Naming, Identifying, and Persistence of CUL Digital Objects

David Ruddy
George Kozak
Adam Chandler
Elaine Westbrooks
October 25, 2002, 10:30am - 12pm, Olin Library 106

Description

Naming digital objects in a digital library sounds straightforward, but it's not. We know what names should be: unique, persistent, extensible, easy to use. But the best way to meet these requirements is not always clear. In fact, there are plenty of naming scheme proposals: Universal Resource Name (URN), Digital Object Identifiers (DOI), Archival Resource Key (ARK), Persistent Universal Resource Locator (PURL), Serial Item and Contribution Identifier (SICI), Handles, and Buckets.

This session of the Metadata Working Group will focus on how the CUL establish names, or identifiers for digital library objects. Adam Chandler, George Kozak, David Ruddy, and Elaine Westbrooks will lead a discussion about the naming problem, existing proposals, what we are currently doing, and what the CUL might want to consider doing with naming digital objects

Links

Ruddy, David. Why identifiers? (2002-10-25) PowerPoint An overview of naming and identifiers.
Kozak, George. Naming and identifying digital objects. (2002-10-25?) PowerPoint
Corson-Rikert, Jon; Elaine Westbrooks; Adam Chandler. Making and identifying digital objects : the CUGIR 2.0 approach. (2002-10-25) PowerPoint
Chandler, Adam. The ARK persistent identifier scheme. (2002-10-25) PowerPoint Overview of ARK.
Kunze, John; R.P.C. Rodgers. The ARK persistent identifier scheme. (2004-07-31) text/plain
Daigle, Leslie L. Uniform Resource Names (URNs) : next generation Internet identifiers. (1998-04-14) PDF
Digital Object Identifier System (DOI). Website
Persistent Universal Resource Locator (PURL). Website
SICI : Serial Item and Contribution Identifier standard. Website
Arms, William; Christophe Blanchi; Edward Overly. "An architecture for information in digital libraries". D-Lib Magazine, February 1997.
Maly, Kurt; Michael L. Nelson; Mohammad Zubair. "Smart Objects, Dumb Archives : a user-centric, layered digital library framework". D-Lib Magazine, 5(3), March 1999.

Minutes

Why Identifiers (David Ruddy)

"doorstep" (such as URNs).

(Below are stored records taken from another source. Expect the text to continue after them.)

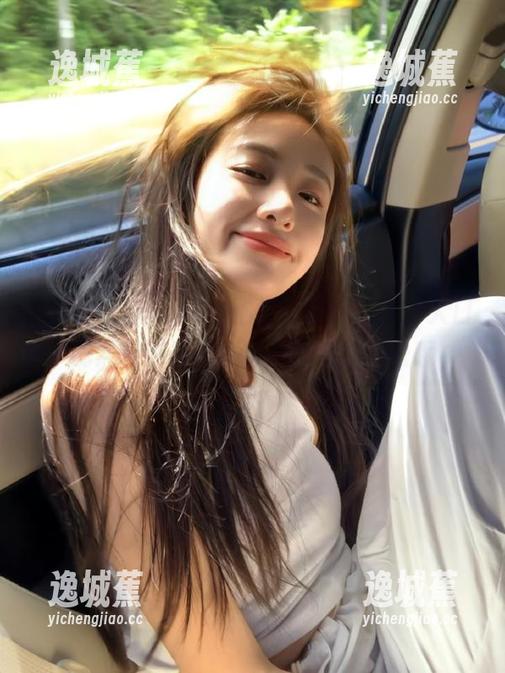 也许你没注意到，这个入口的黑料网黑料不打烊在偷偷扩张哦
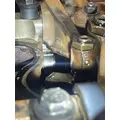 CUMMINS ISX Engine Assembly thumbnail 8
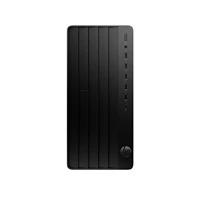 HP Pro Tower 290 G9 serija aprašymas - Prekės nuotrauka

There are still a number of questions about how we could handle identifiers within Cornell and CUL. One issue is a distinction between semantic identifiers (intelligible to people: designed for people and machines) or non-semantic identifiers (not meaningful to people; designed for machines).

Naming And Identifying Digital Objects (George Kozak)

George reviewed the current methods used for naming and identifying digital objects in a number of CUL collections. He noted that identifiers are needed for files, metadata, images, and full-text. An important question to answer is what kind of digital object is being described. Is the baseline object a journal, an issue, or an article? Also, do we want the identifiers to be random, sequential, or derivative? "Smart" identifiers tell you something about the file simply from the name. George gave overviews of the different identification methods used by Making of America, Math Books, International Women's Periodicals, Euclid, the Ezra Cornell Papers, and the May Anti-slavery Pamphlet Collection. All of these collections present a difficulty in handling hierarchical information and relationships among images, OCR, and metadata files. George indicated that Euclid was most like a URN scheme -- articles are given identification numbers that are not smart in any way and rely on a file for resolving information. George said that each approach has been system specific and that there is a sense that a global approach would be valuable.

Making and Identifying Digital Objects: The CUGIR 2.0 Approach (Elaine Westbrooks)

Elaine reviewed some limitations of the initial implementation of naming schemes and identifiers in the Cornell University Geospatial Information Repository. These stem from "smart" file naming conventions that were not limber enough to adapt to the asymmetrical growth of the CUGIR collection. A particularly difficult issue was dealing with multiple versions of the same data. A CUL internal grant allowed rethinking of access issues to create MARC records. The system developed created "buckets" to access all versions of the files at once. These buckets rely on URLs and a code that refers to a metadata record rather than a geospatial data file. The URLs could easily be adapted to serve as URNs.

ARK Persistent Identifier Scheme (Adam Chandler)

Adam described a very recent suggestion by John Kunze called the "Archival Resource Key." Kunze argues that persistence of objects is purely a matter of service and not a function of an object or naming scheme. He proposes three requirements for ARK: a link of an object to a promise of stewardship, a link from an object to a description of it (based on an identifier from an institution naming authority), and a link to the object itself or a copy of it. The identifier is an associated string and an information resource that uses to a record to bind an identifier string to a set of identifying resource characteristics.